The cancer diagnosis:

In 2018, Nick was juggling three children under the age of five, including a newborn, a busy job as a doctor for Qantas, medical exams and very little sleep, when he collapsed on the couple’s bedroom floor complaining of a headache.

Rushing to hospital, CT scan images showed there was a large tumour in the frontal lobe of his brain which was life threatening and required emergency surgery.

“Recovering in ICU, Nick learnt that the surgeons were unable to remove all of the tumour that had infiltrated his brain. When the pathology results came back, he was given the news that no 38-year-old wants to hear: incurable, malignant brain cancer,” Sally writes in her personal piece.

Nick has been diagnosed with incurable brain cancer.

Nick’s bucket list:

During Nick’s 18-month journey through radiation and chemotherapy, conversations turned towards his “bucket list” – What were the most important things for him to achieve before he died?

For Nick, getting back to work to finish specialist physician training was very important. Travel was also on the top of Nick’s list as he was a man who’d grown up in Cyprus, studied in the UK, worked in New Zealand and settled in Australia.

“So, it was a particularly cruel blow when, weeks away from finishing treatment and with a poor prognosis ahead, COVID-19 took hold in Australia and kicked his bucket list to the curb,” Sally says.

Sally adds that COVID, and lockdown in particular, “wreaks havoc on those with terminal disease” as it “diminishes the precious days and weeks and months that weave the fabric of remaining time on earth, reducing them to a shadow of themselves.”

“No long lunches with close friends, no holidays to leave the kids with lifelong memories of happier times, no trips abroad to reunite with family,” she says.

Sally and Nick are frequent travellers.

“No matter what joy we salvage during this time, it is agonising for Nick to be separated from his family in Cyprus.”

But still, Nick has never complained. Travel dreams have since been replaced with domestic responsibilities such as picking up his children from school, teaching them how to garden or speak Greek.
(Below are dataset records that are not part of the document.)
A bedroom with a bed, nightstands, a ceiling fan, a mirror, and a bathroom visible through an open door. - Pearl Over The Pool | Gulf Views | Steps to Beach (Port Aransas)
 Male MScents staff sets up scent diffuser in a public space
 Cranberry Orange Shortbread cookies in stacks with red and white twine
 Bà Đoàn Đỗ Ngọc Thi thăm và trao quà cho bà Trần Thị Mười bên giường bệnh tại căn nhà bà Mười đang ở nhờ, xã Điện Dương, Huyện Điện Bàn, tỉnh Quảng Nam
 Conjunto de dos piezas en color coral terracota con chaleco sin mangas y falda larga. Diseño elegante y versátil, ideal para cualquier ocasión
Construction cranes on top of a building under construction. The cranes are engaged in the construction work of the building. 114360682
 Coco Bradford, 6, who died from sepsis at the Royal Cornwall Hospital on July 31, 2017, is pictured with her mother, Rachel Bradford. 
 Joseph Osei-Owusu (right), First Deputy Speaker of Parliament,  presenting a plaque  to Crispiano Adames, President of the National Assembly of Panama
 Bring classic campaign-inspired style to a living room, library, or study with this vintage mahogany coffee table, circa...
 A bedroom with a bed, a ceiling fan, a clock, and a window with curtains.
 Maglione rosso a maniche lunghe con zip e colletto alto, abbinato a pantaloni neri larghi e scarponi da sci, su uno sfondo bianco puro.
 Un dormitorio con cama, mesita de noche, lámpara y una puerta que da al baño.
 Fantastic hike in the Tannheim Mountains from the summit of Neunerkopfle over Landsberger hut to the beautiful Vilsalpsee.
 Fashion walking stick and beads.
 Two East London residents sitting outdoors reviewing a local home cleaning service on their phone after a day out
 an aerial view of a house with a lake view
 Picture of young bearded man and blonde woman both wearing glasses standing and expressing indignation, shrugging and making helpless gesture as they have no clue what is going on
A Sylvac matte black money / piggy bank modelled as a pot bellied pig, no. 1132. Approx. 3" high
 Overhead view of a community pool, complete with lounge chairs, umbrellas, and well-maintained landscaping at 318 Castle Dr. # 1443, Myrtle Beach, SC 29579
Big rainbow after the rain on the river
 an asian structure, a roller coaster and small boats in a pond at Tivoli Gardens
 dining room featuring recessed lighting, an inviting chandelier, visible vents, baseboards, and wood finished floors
Nick also attained his fellowship of the Royal Australasian College of Physicians, despite sitting his specialist exams only weeks before collapsing with intracranial hypertension.

“Nick will never get back the days that COVID, and lockdown in particular, have taken from him. None of us will. But how we choose to live this “lost time” is up to us,” Sally concludes.

“And it’s not necessarily about achieving things, although I’m so proud of all that Nick has accomplished. It’s about making peace with a bad situation and moving forward nonetheless, to find something wonderful in the time we have right now.”